Marcella Burke joined Daniel Romito on PetroNoia to explain the legal origins and regulatory impact of the EPA’s 2009 “endangerment finding,” including the related “cause or contribute” determination. She traces the issue back to the Clean Air Act’s endangerment language and the U.S. Supreme Court’s decision in Massachusetts v. EPA (2007), which held that greenhouse gases can fall within the Act’s broad definition of “air pollutant,” while also requiring the EPA either to make an endangerment determination or explain why the science was too uncertain to do so.
The episode focuses on what the Administration is proposing in 2025: rescinding the EPA’s prior agency determination that current and projected CO₂ concentrations endanger public health and welfare. Marcella describes this as both a legal shift, i.e., rewriting the agency’s understanding of the Clean Air Act endangerment framework as applied to greenhouse gases, and a major policy change in how the federal government approaches greenhouse gas regulation going forward.

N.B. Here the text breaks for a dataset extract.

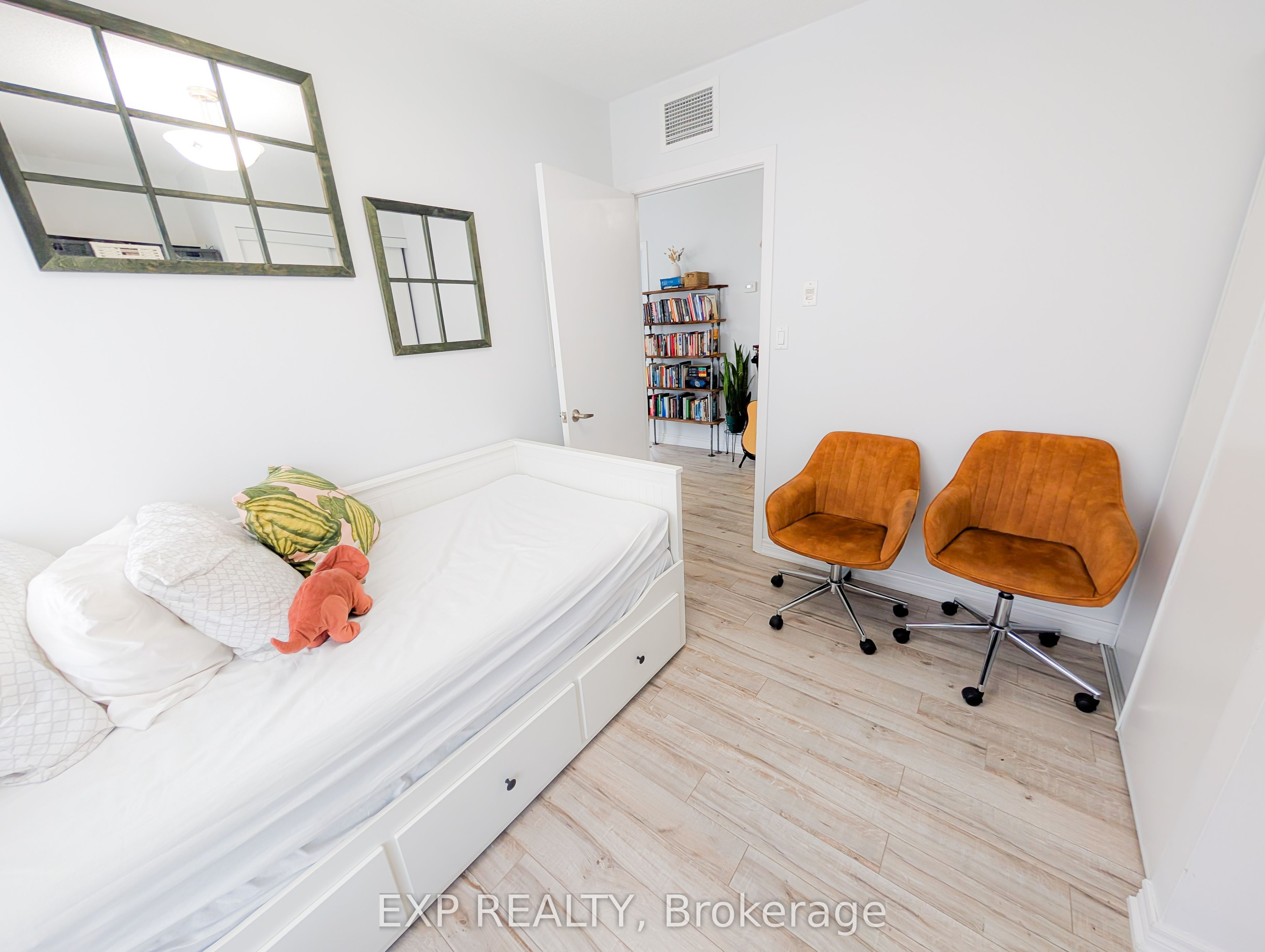 #1010 - 2464 Weston Road Property Photo 6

Marcella and Romito also discuss expected litigation and the role of the Administrative Procedure Act (APA), including the importance of agency process and building a defensible administrative record when reversing a long-standing rule. They address practical implications for regulated entities, with particular emphasis on vehicle greenhouse gas standards and permitting requirements (including best-available control technology analyses), as well as likely state-level pushback and the continued evolution of climate litigation strategies, including Suncor Energy v. Boulder County.